**Records for processing:**
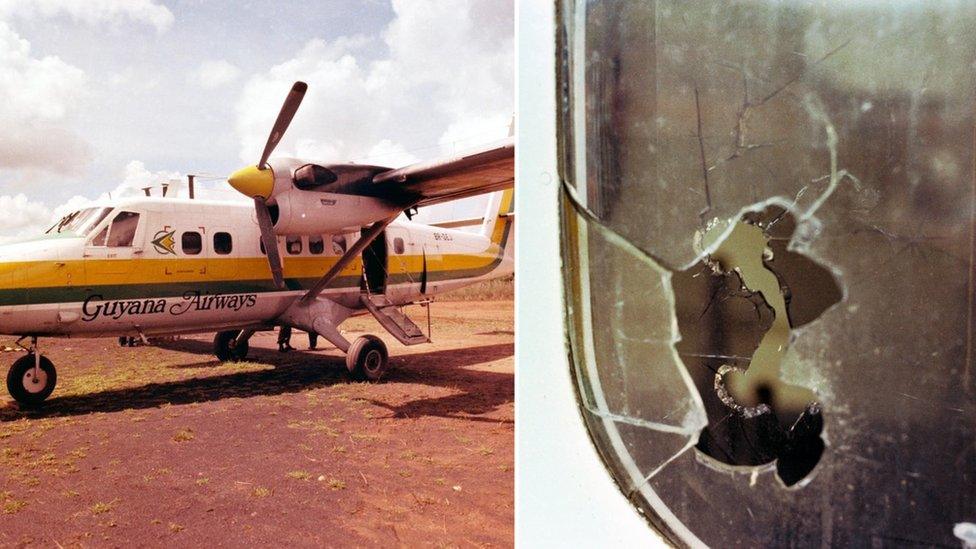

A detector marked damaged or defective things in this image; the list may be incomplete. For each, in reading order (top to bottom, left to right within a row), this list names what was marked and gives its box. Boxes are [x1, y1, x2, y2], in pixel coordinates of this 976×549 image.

shattered glass [556, 2, 976, 544]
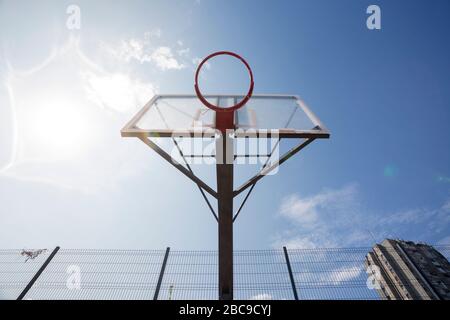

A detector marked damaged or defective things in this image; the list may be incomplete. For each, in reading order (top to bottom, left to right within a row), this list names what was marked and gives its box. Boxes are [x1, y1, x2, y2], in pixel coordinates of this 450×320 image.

rusty metal pole [216, 125, 234, 300]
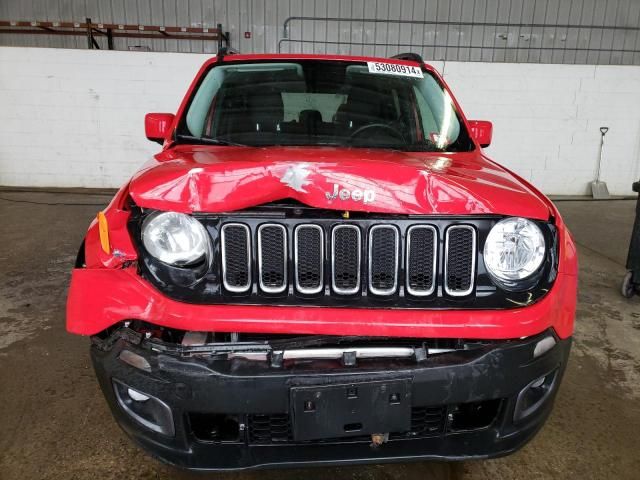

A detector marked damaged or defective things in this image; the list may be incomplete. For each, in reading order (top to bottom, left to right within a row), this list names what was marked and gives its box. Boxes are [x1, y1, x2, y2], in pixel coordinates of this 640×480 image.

damaged red hood [129, 146, 552, 219]
dented hood [129, 146, 552, 219]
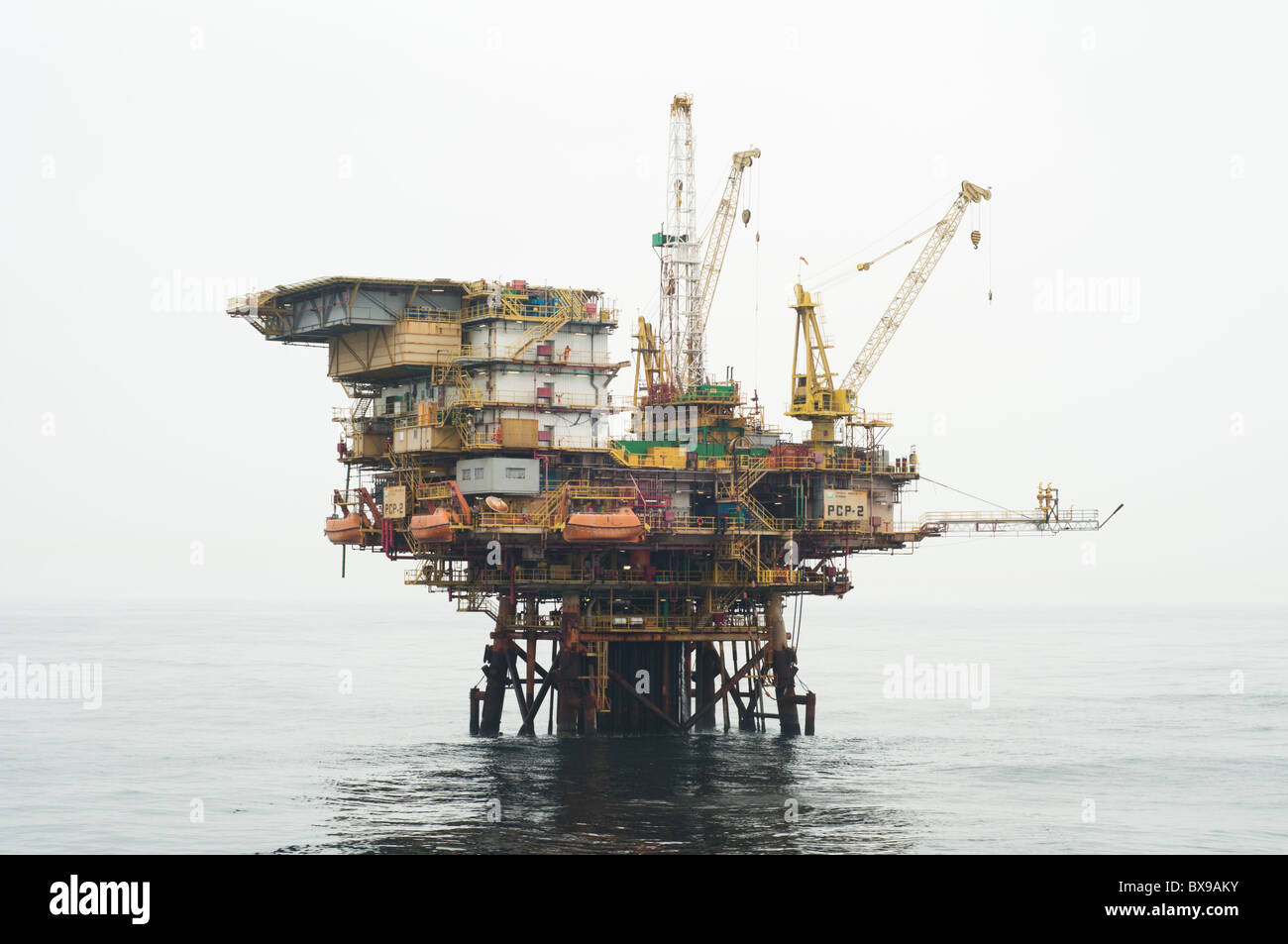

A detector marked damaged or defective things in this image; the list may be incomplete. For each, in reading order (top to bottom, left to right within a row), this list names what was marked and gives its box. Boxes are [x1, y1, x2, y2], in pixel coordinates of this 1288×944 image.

**Assignment:** In your output, repeat the listing above exactly and include none of the pictures.

**Exercise solution:**
A detector marked damaged or defective things in this image; the list may be incomplete. For each, in reading order (top to bottom, left to right within a row), this list names what was marked and gives its box. Boxes are [x1, y1, x2, y2], in pixel coordinates of this 976×549 image.

shattered glass [556, 2, 976, 544]

A detector marked damaged or defective things in this image; the list may be incomplete. For each, in reading order (top to bottom, left to right within a row), this list names what was marked and gives its box. Boxes are [x1, y1, x2, y2], in pixel coordinates of this 450×320 image.

rusty metal pole [216, 125, 234, 300]

A detector marked damaged or defective things in this image; the list may be incomplete. For each, in reading order (top to bottom, left to right within a row), this list names what was marked and gives its box. Boxes are [x1, y1, x2, y2], in pixel coordinates of this 640×480 image.

damaged red hood [129, 146, 552, 219]
dented hood [129, 146, 552, 219]

A detector marked damaged or defective things in this image; the list may be incomplete. For each, in reading order (top to bottom, left to right within a row), this list names what was marked and gives its box. Boxes are [x1, y1, x2, y2], in pixel coordinates of this 1288×944 image.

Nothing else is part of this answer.